Costanzo describes St. Ann's Warehouse as “the perfect place" to formally introduce this work to audiences, “because there are very few places with more history and panache when it comes to presenting great concerts with malleability and theatricality than St. Ann's."
Performance Schedule, Tickets, and COVID-19 Protocol
Performances of Only an Octave Apart take place September 21-25 and September 28-October 2 at 7:30pm, and on September 26 and October 3 at 5pm.
Tickets start at $40 and are on sale now at stannswarehouse.org and 718.254.8779.
To reach full capacity safely, ID and proof of full vaccination will be required of all audience members.
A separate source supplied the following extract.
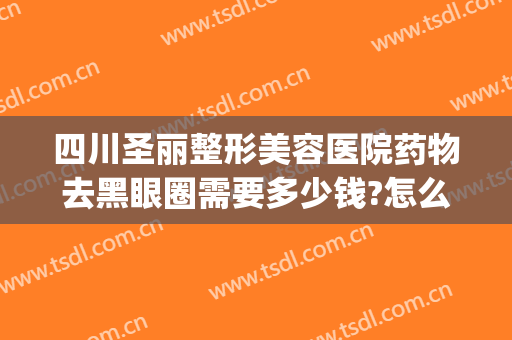四川圣丽整形美容医院药物去黑眼圈需要多少钱?怎么样?(四川圣丽整形医院好不好)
St. Ann's Warehouse will be following CDC, New York State, and New York City recommendations for audience members to wear masks when attending indoor events. Visit the St. Ann's Warehouse Health & Safety page for more information.
St. Ann's Warehouse is located in Brooklyn Bridge Park, at 45 Water Street|DUMBO|Brooklyn, NY 11201.
About St. Ann's Warehouse
St. Ann's Warehouse plays a vital role on the global cultural landscape as an American artistic home for international companies of distinction, American avant-garde masters and talented emerging artists ready to work on a grand scale. St. Ann's signature flexible, open space allows artists to stretch, both literally and imaginatively, enabling them to approach work with unfettered creativity, knowing that the theater can be adapted in multiple configurations to suit their needs. In the heart of Brooklyn Bridge Park, St. Ann's Warehouse, Marvel Architects and Charcoalblue theater consultants have designed a spectacular waterfront theater that opened in October 2015.
Over four decades of consistently acclaimed landmark productions that found their American heart and home at St. Ann's include Lou Reed's and John Cale's Songs for 'Drella; Marianne Faithfull's Breaking Away and Seven Deadly Sins; Charlie Kaufman and the Coen Brothers' Theater of the New Ear; The Royal Court and TR Warszawa productions of Sarah Kane's 4:48 Psychosis; Lou Reed's Berlin; the Donmar Warehouse all-female Shakespeare Trilogy: Julius Caesar, Henry IV, The Tempest; Kate Tempest's Brand New Ancients; Tricycle Theatre's Red Velvet, the Young Vic production of A Streetcar Named Desire with Gillian Anderson; Mark Rylance's Nice Fish, the National Theatre's People, Places & Things, and the World Premiere of the complete Taylor Mac's A 24 Decade History of Popular Music, and many more.